→ **WORK REQUIRED**: Starting with the line that has "Hey guys, this" and finishing with the line that has "The General Electric", set down each line below exactly. Pictures are not copied.

*** Block opens ***

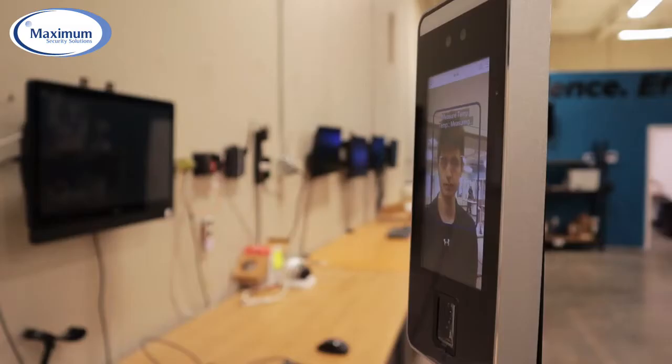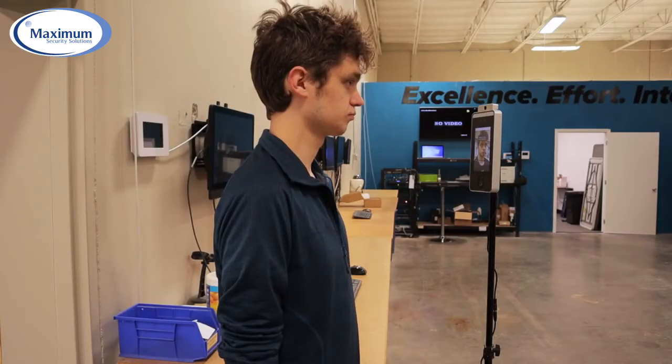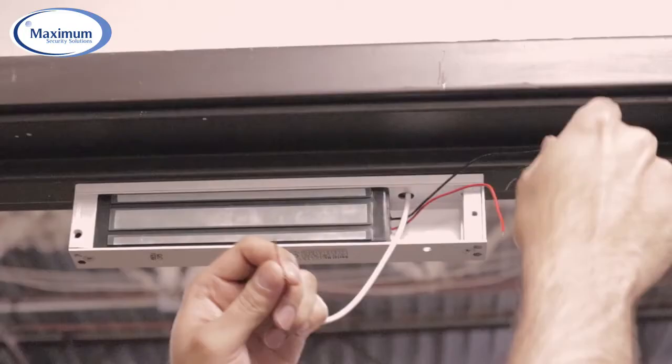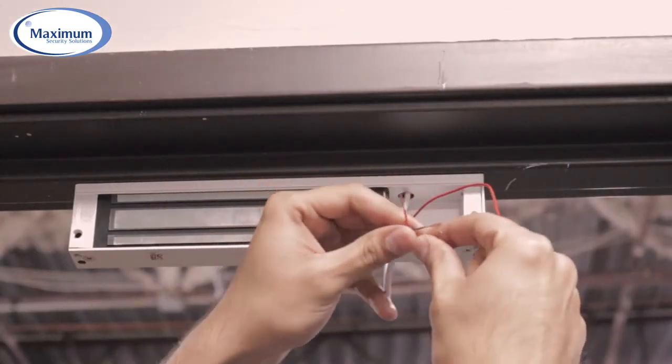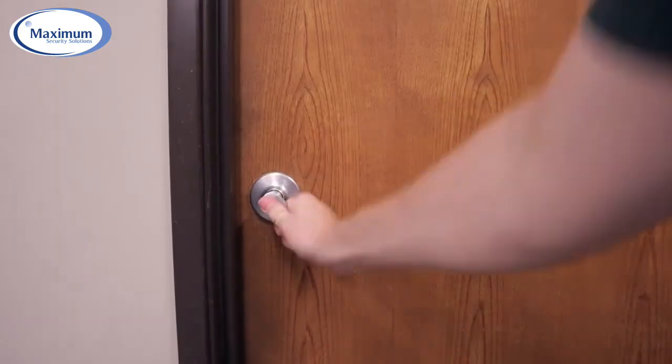If a person's temperature is higher than the set threshold, then an alarm will go off. In this scenario, we don't have this connected to a door so it's not controlling access. However, if you do connect this to your electronically locked door, you will be able to deny access to anyone with an above-normal temperature.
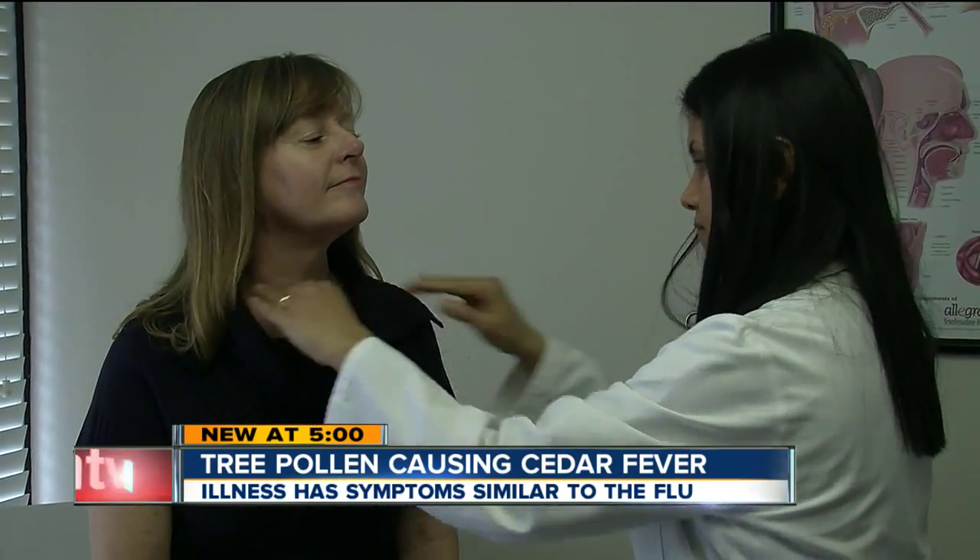Doctors say if you experience any of those symptoms, you first want to get checked out to make sure you don't have the flu. If it is determined to be cedar fever, over-the-counter allergy medications can help. Doctors say injections are also an option.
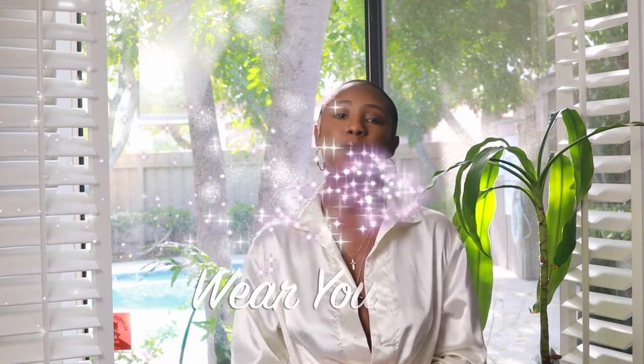Hey guys, this is Precious and welcome to Couture TV and Film. This is my YouTube channel and this series is called Behind the Scenes — we're going to be going in depth and behind the scenes of all the projects and photo shoots that I do. Today we're going to be talking about the making of the photo shoot 'Wear a Mask.' So let's get into it.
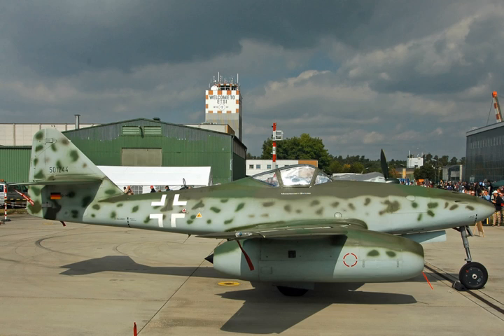The General Electric CJ610 is a non-afterburning turbojet engine derived from the military J85, and is used on a number of civilian business jets. The model has logged over 16.5 million hours of operation.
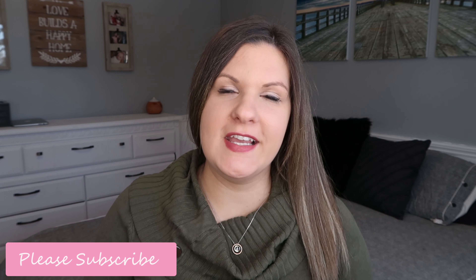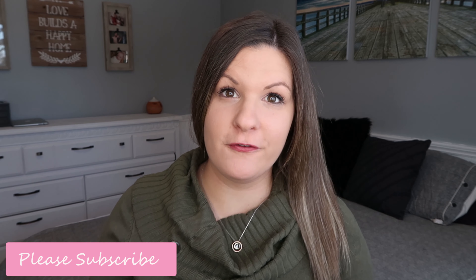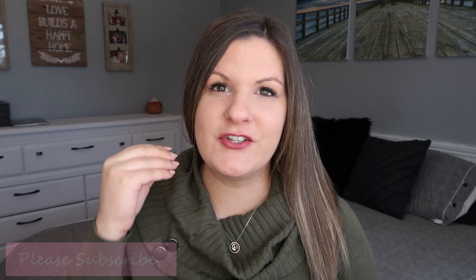Hi guys, welcome back to my channel for another video, and welcome if you are new — my name is Michelle. In today's video I'm sharing week 26 of my pregnancy. I can't believe I'm this far along. This is my last week of my second trimester, which is crazy, and then we are moving on to that home stretch of pregnancy, which is going to be absolutely chaotic but so much fun, getting everything planned and ready to go for this baby girl.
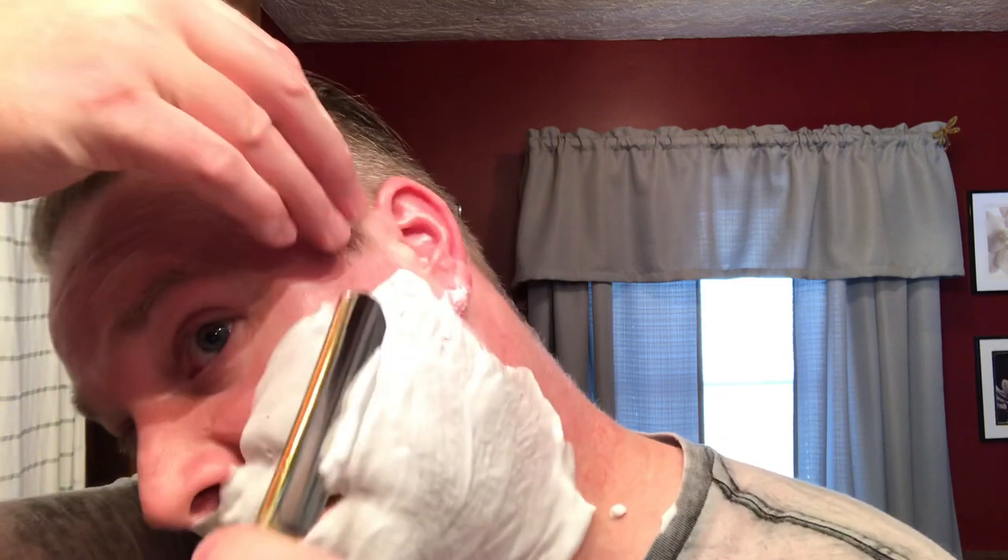I'll line up my sideburns first, just to get the line going, and then give a good stretch. If you don't stretch uniformly and you pull and then get your line, you may find out it's not exactly the line that you wanted. Of course, I've never done that before. Plenty of protection there.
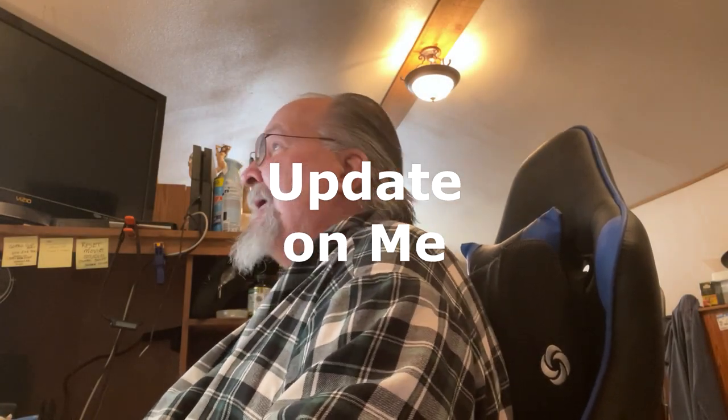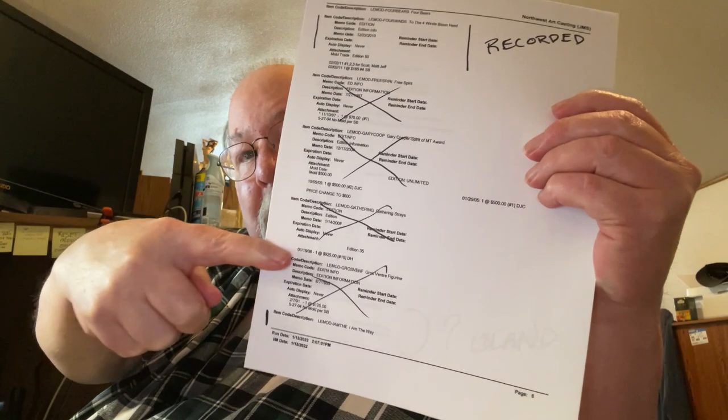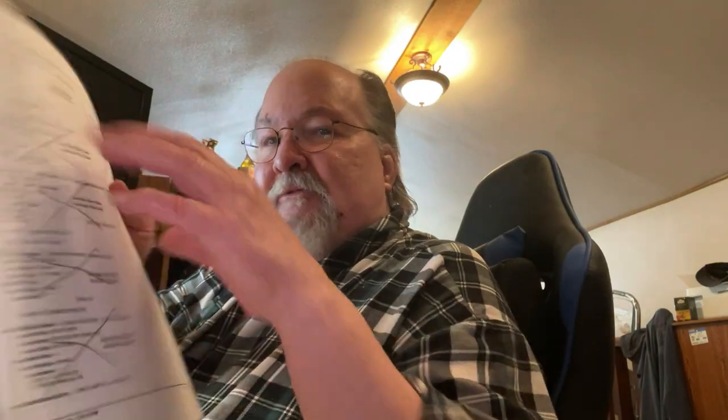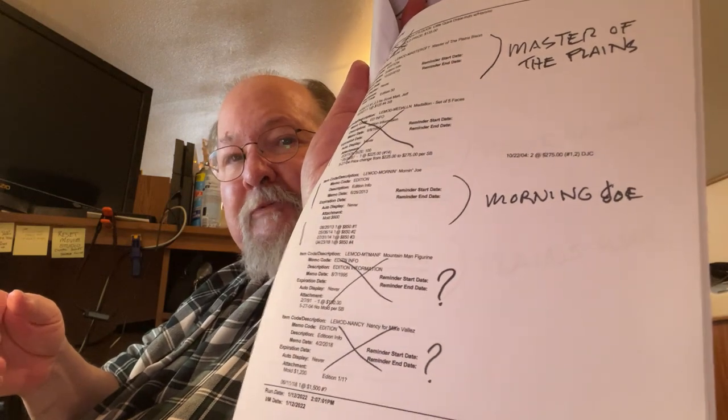I'm not even getting out of my robe today. What I'm doing is going through all my molds. I literally have probably 50 sheets, maybe more, of this. Each one of these segments is a mold that I've created — the ones with the lines through them are ones I no longer own. I've got page after page of this, and I've got to interpret the records that were kept by the foundry. It takes some interpretation to understand his filing system for orders and stuff like that.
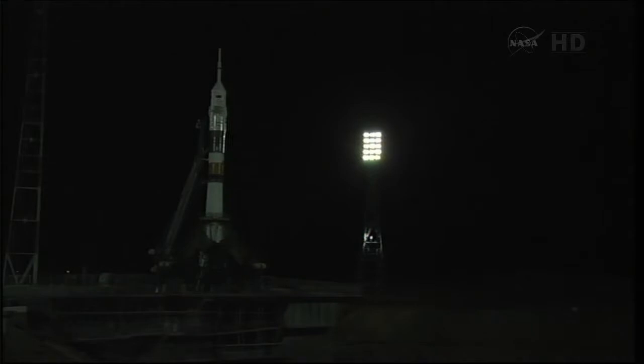T minus one minute to launch. At this point the Soyuz is now on internal power and the auto sequence is starting. The first umbilical tower has been separated from the booster. T minus 45 seconds, the ground umbilical to the third straight stage has been disconnected. The launch command will be issued at T minus 19 seconds, about 10 seconds from now.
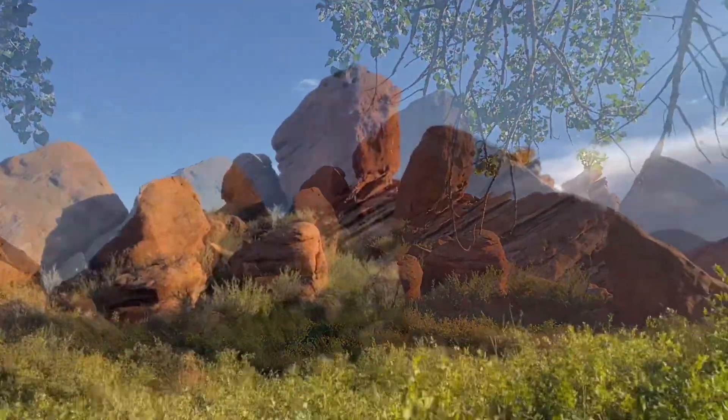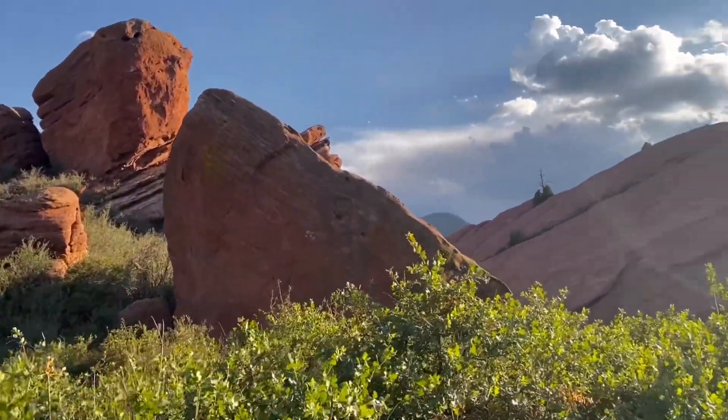We got here just before golden hour, so we had some pretty good contrast and some pretty good lighting for the most part.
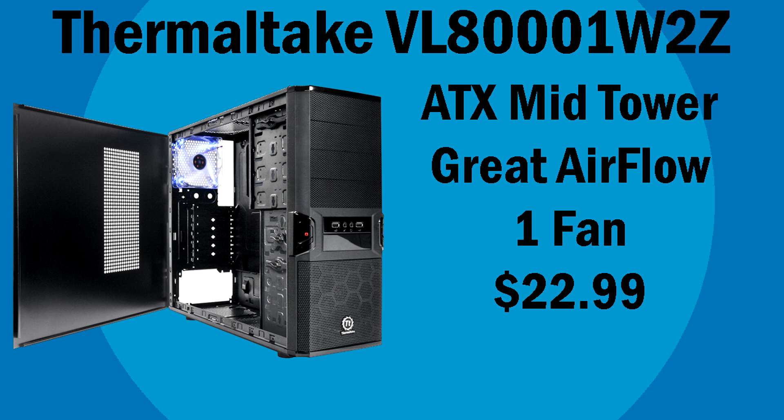The case we're going to be using is the Thermaltake VL80001W2Z. I basically just tried to find the cheapest case I could get that looked the nicest and had the best airflow, and I was not disappointed because this one does look really nice and comes with an extra fan. Definitely a good case for $23.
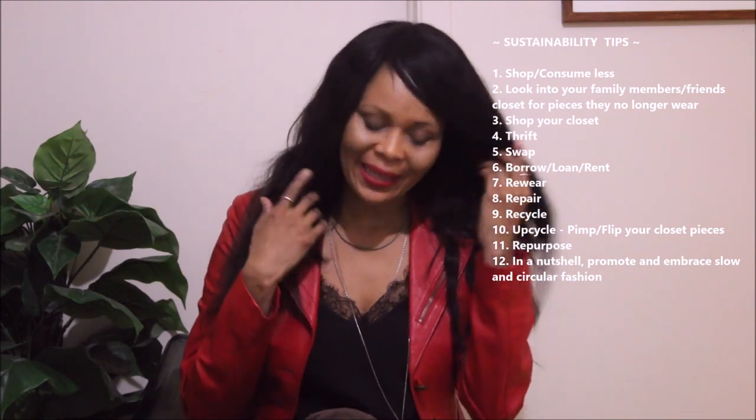I think I forgot one, let me go get it. My goodness, I think I have too many black coats in my closet — but that's me. Anyway, let's do this.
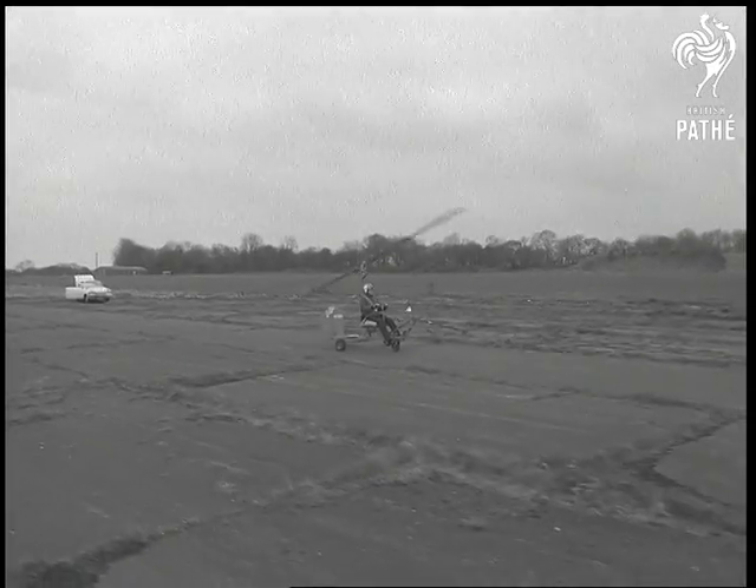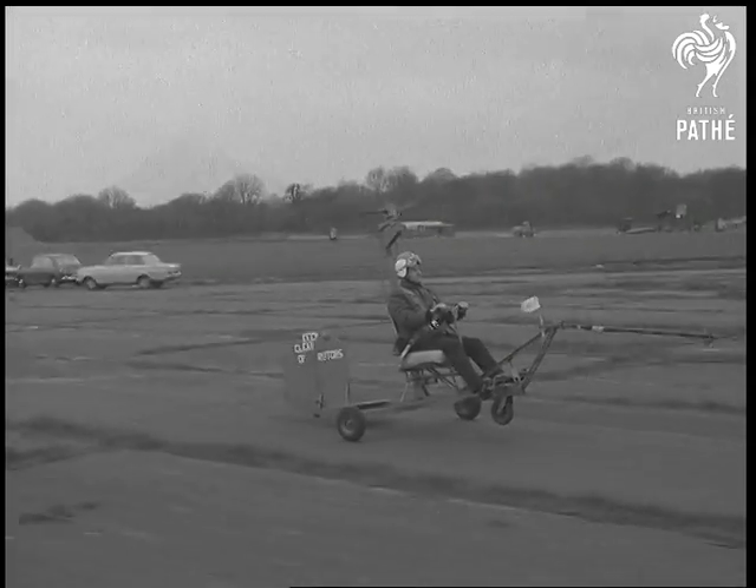Eventually, he'll try to get a flying license. Meanwhile, he's content with this form of gliding.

*** Block closes ***

→ **EXERCISE RESPONSE**:
Hey guys, this is Precious and welcome to Couture TV and Film. This is my YouTube channel and this series is called Behind the Scenes — we're going to be going in depth and behind the scenes of all the projects and photo shoots that I do. Today we're going to be talking about the making of the photo shoot 'Wear a Mask.' So let's get into it.
The General Electric CJ610 is a non-afterburning turbojet engine derived from the military J85, and is used on a number of civilian business jets. The model has logged over 16.5 million hours of operation.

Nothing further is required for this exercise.